As a younger, gay man with strong ties to the U.S., he said he hopes his outreach during the three months since the new government formed will signal to American Jews that a page has been turned. While acknowledging that there should be no expectation of significant changes from the previous government on the Israeli-Palestinian issue or religious affairs, Roll said the first step is to sit down and talk — “to hear you out; we want to know what bothers you, what are your expectations from us.”
But he and the other Israeli official charged to reach out to American Jews said they know it will take far more than a few listening sessions to restore the relationship.
Interviewed in his Jerusalem office, Nachman Shai, Israel’s minister of diaspora affairs, said the new government’s mere existence should give Americans hope. “There is a message coming out from the very fact that we finally were able to form a coalition. There’s a sense of urgency and unity, that we are able to compromise,” he said.
Shai, 74, a member of the Labor Party who served as a spokesperson for the Israeli mission to the United Nations in New York and at the embassy in Washington in the early 1980s, said healing the rift with American Jews, most of whom are Democrats, is a national security matter for Israel.
One of the major mistakes Netanyahu made as prime minister was to abandon the longstanding bipartisan nature of the relationship between Israel and the U.S. for political gain, he continued. “We should not be playing the American political game,” he said. “We have to continue this relationship, with both parties, which has been very helpful to Israel since 1948.”
Israel and Americans Jews: An open ear policy
Shai, who visited the U.S. in June to assist with rescue efforts at the site of the collapsed condominium in Surfside, Florida, said he’s been devoting his time — mostly on Zoom — to engage with Jewish groups across denominations, including the Orthodox community. “I give the same attention as a government minister to the three denominations,” he said. “I’d like to make it available for everyone to have their voice be heard.”
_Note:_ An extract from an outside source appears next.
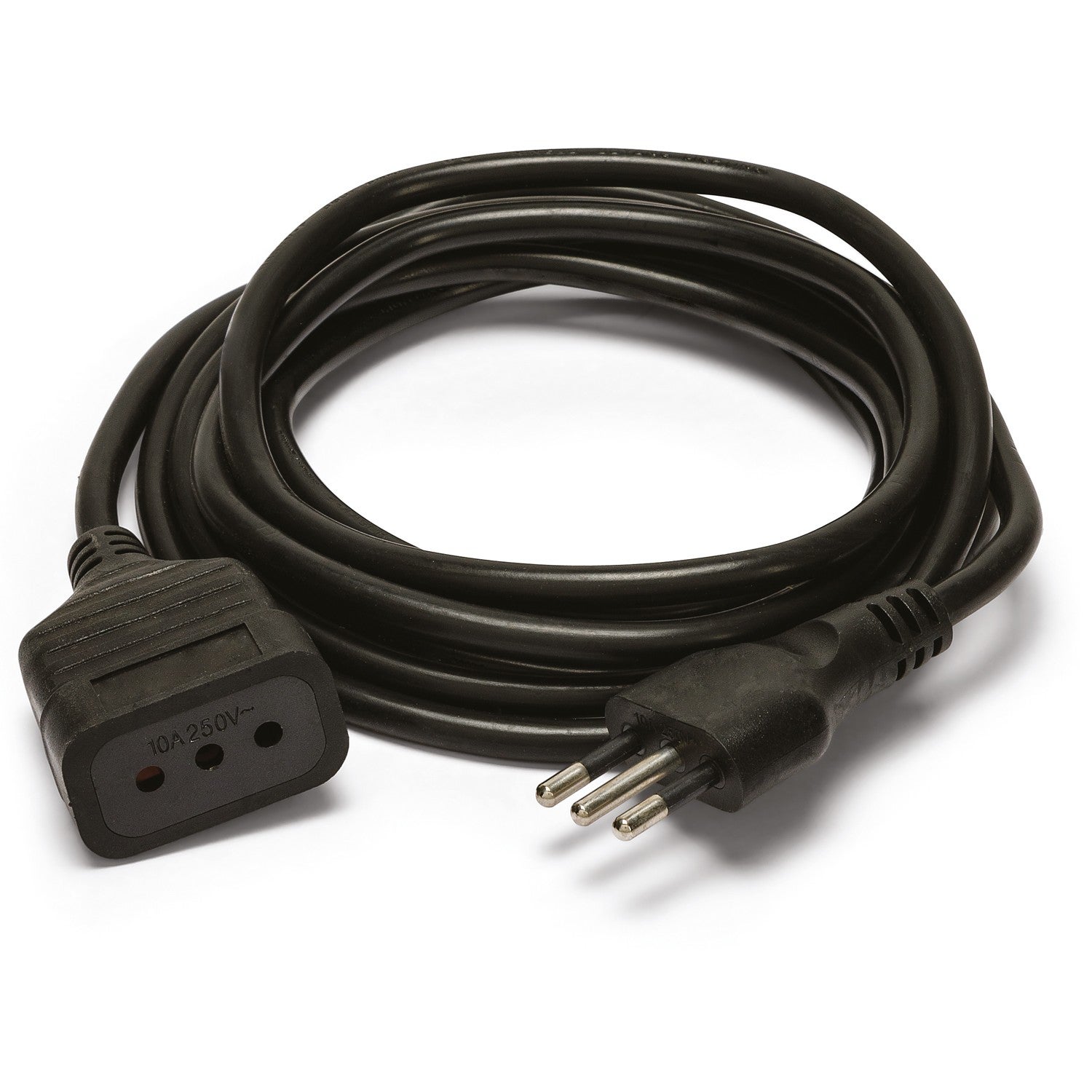 Rallonge italienne 5 m. Fiche et prise 10A, Cable 3g0,75 mm - 3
Roll, a lawyer and former model, said reaching across political and religious divides is not always as difficult as many might think. He pointed to his time as a major in the reserves, serving in the IDF’s military intelligence directorate. As one of the co-founders of the Binah Beyarok (“Intelligence in Green”) program, he worked to enlist haredi yeshiva students into the army’s intelligence units. “I was a secular, openly gay officer of intelligence, and it taught me to never think that just because someone is different than you, that you can’t get along,” Roll said.
He brought that unassuming mindset to the Knesset, to which he was elected in 2019, he said. “My job is to try to reach out, to bridge gaps and find common ground,” he said. “And I know that if we give people a chance and are open for dialogue, surprising and amazing things can happen.”
Protecting Jews in Diaspora
Earlier this summer, Jews in major American cities saw a surge in violent antisemitic attacks in wake of the Israel-Hamas flare-up in Gaza. In the future, Shai said, the Israeli cabinet should consider the impact a military conflict in the Middle East would have on Jews around the world before deciding whether to go to war. “We have to bear in mind that in today’s world, the lives of Jews all over the world are linked one to the other, and above all to Israel,” he said.
It may take some time for Israelis and their politicians to understand that the safety and security of Jews living abroad is of paramount importance, he continued. “Generations of Jews gave so much to Israel, and still continue,” he said. “Now, it is our turn to give back.”